Damien Cave and Stephen Farrell, “Troop Buildup, Yielding Slight Gains, Fails to Meet U.S. Goals”
Seven months after the American-led troop “surge” began, Baghdad has experienced modest security gains that have neither reversed the city’s underlying sectarian dynamic nor created a unified and trusted national government.
One thing to keep in mind about the “surge” is that the overall increase in the number of American soldiers wasn’t especially large relative to either the pre-existing size of the deployment or to the size of Iraq. But along with the “surge” of additional American forces into the country, there was a “surge” of forces away from non-Baghdad portions of Iraq into the capital. It would be extraordinary if that policy didn’t manage to produce “modest security gains” in Baghdad at the expense of problems elsewhere. The question is why one might think this kind of concentration of forces might be a good idea.

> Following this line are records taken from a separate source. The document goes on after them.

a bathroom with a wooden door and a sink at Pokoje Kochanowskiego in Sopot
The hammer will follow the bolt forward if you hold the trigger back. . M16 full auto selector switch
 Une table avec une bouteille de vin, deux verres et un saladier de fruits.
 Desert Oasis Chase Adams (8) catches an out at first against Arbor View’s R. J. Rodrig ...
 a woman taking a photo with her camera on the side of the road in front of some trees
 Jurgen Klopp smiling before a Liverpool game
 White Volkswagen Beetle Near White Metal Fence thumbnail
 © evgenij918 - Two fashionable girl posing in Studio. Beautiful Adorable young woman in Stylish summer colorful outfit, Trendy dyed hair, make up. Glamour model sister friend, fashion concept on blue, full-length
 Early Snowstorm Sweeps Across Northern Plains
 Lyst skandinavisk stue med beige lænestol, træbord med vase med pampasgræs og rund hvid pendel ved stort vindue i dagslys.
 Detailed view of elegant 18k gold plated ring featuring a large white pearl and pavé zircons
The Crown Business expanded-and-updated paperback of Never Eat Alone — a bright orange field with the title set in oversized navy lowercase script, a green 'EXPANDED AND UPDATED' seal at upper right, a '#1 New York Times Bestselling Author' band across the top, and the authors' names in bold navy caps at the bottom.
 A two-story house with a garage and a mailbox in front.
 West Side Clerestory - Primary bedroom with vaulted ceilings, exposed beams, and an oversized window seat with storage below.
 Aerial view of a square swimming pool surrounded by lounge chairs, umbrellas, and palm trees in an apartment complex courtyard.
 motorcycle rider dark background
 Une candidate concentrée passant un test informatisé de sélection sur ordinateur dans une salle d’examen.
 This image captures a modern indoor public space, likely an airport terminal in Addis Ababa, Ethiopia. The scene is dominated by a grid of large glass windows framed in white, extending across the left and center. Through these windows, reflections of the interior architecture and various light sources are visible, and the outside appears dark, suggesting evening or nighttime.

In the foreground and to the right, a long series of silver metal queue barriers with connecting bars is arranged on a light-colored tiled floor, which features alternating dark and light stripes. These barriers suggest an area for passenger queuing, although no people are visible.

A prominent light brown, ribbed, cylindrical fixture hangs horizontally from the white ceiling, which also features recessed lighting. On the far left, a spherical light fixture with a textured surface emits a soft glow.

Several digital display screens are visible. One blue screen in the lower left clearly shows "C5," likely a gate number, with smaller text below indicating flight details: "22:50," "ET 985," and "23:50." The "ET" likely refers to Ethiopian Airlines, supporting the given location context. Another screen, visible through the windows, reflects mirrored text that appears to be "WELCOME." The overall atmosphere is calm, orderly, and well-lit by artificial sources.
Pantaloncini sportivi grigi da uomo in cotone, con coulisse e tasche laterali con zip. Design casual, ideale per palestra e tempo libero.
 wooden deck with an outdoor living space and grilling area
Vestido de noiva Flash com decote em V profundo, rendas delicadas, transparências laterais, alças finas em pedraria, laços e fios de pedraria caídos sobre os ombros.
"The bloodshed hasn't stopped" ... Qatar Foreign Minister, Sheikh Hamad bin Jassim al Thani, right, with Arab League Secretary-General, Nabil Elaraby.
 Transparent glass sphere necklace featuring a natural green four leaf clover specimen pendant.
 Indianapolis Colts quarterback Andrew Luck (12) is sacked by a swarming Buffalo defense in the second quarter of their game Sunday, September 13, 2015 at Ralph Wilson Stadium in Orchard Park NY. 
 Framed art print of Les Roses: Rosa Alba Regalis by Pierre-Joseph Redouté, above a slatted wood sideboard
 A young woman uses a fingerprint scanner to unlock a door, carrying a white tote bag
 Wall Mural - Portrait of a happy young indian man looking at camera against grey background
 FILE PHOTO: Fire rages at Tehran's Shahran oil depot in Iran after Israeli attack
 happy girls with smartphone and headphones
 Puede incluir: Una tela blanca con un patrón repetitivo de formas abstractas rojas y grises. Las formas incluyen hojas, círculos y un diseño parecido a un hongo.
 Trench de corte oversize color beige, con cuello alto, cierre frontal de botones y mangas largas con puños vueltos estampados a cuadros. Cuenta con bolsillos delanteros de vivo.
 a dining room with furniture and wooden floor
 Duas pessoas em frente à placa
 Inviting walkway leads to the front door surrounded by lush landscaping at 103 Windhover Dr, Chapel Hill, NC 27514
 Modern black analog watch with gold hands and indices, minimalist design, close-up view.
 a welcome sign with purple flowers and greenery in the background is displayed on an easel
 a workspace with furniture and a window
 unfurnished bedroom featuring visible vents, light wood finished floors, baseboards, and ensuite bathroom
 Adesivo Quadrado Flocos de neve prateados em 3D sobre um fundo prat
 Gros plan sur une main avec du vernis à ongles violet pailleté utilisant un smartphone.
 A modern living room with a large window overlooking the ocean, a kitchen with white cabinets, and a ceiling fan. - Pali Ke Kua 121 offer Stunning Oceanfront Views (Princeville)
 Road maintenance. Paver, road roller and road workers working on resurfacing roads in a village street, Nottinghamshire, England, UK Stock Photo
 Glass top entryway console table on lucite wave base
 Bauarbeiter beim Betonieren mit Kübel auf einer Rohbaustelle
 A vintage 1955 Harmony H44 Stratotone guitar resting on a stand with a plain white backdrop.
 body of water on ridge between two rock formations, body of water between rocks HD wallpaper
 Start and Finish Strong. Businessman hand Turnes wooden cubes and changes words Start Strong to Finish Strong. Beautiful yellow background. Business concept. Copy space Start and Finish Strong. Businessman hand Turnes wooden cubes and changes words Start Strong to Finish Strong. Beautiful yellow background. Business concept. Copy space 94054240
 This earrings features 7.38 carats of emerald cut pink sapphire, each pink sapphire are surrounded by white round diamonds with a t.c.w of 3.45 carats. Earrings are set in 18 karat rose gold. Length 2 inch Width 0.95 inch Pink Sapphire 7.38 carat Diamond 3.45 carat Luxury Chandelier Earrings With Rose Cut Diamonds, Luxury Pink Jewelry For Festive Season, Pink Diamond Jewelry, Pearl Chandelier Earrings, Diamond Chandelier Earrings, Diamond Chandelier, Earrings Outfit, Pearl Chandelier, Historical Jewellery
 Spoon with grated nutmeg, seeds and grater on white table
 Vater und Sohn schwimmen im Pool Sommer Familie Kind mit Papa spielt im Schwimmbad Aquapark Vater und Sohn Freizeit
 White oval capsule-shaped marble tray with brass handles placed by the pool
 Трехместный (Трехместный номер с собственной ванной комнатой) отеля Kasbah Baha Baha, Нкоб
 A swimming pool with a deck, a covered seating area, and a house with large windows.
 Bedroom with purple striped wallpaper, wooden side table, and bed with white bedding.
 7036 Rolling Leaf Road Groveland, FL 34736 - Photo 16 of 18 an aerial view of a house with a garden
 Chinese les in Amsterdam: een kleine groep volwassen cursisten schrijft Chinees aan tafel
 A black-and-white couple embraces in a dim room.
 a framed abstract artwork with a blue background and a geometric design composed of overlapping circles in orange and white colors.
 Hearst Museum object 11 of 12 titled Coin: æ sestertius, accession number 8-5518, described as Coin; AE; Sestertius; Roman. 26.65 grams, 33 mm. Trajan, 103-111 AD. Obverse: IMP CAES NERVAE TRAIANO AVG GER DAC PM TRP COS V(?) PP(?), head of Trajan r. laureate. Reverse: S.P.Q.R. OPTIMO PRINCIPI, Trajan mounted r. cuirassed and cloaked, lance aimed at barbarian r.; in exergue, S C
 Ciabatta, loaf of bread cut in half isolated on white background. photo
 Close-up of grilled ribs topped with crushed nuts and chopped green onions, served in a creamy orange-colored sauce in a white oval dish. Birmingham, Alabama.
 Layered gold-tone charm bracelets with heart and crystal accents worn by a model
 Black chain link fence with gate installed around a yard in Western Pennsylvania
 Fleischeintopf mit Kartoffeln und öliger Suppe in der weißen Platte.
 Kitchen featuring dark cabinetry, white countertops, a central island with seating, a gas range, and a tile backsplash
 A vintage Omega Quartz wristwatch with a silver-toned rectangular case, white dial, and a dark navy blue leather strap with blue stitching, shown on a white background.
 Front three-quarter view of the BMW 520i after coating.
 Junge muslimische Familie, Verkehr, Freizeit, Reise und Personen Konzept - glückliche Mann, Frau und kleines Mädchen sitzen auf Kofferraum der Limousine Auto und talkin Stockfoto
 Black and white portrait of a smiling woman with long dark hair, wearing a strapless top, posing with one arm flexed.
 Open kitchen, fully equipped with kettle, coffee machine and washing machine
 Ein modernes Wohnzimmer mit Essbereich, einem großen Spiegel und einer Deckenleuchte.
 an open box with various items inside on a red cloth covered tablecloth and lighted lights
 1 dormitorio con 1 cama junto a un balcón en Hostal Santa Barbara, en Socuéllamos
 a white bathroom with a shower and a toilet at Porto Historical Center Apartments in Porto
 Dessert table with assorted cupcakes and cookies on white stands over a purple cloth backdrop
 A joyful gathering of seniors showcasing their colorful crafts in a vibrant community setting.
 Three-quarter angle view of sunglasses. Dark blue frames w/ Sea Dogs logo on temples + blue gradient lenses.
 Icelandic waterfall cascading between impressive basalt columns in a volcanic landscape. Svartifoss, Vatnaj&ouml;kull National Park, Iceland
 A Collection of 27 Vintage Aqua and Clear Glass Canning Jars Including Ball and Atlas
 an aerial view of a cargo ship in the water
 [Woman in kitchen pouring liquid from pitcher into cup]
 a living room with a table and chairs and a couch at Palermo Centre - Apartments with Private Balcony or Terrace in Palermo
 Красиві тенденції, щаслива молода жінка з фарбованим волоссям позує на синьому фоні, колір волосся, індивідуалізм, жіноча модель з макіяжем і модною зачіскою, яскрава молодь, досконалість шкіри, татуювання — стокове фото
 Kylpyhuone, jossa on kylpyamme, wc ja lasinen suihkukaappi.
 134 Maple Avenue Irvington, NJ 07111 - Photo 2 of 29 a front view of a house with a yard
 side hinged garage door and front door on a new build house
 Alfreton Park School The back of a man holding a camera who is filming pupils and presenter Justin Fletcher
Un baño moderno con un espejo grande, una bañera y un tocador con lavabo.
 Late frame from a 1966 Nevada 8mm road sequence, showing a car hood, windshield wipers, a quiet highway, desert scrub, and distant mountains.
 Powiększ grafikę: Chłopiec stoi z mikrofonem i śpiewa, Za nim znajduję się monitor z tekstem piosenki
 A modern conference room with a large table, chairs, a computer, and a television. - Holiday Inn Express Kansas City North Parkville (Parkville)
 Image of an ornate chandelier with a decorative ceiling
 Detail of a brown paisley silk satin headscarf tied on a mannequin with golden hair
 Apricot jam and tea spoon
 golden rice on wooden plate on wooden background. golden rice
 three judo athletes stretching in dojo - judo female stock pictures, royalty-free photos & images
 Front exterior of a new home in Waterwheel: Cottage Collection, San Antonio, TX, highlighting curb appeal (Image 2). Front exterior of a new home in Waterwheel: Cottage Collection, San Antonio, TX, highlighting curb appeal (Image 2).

Roughly speaking, there are two possible ideas. One is that the security gains might be large enough to reach some kind of tipping point. You start with X troops in Baghdad. Then you “surge” up to X + Y troops. This surge produces a self-sustaining new situation, so now you surge down to fewer than X troops in Baghdad, allowing you to surge up elsewhere. That, though, hasn’t happened. The “underlying sectarian dynamic” is the same.
Alternatively, one might think that the national capital is uniquely important to political events, and that a special focus on Baghdad security might create the environment for political reconciliation. That, though, hasn’t happened either. The whole thing’s failed. Now people would like us to believe that other “bottom up” trends compensate for the failure of the plan. But since this cuts directly against the logic of the policy we’ve been pursuing since January, there’s no reason to think that anything we’re doing is having a substantial positive impact on whatever decentralized processes in Iraq may or may not be evolving in a good situation. The scorecard can’t just credit the US military presence for any good thing that happens anywhere in Iraq, while simultaneously arguing that without the military presence every bad thing about Iraq would be worse.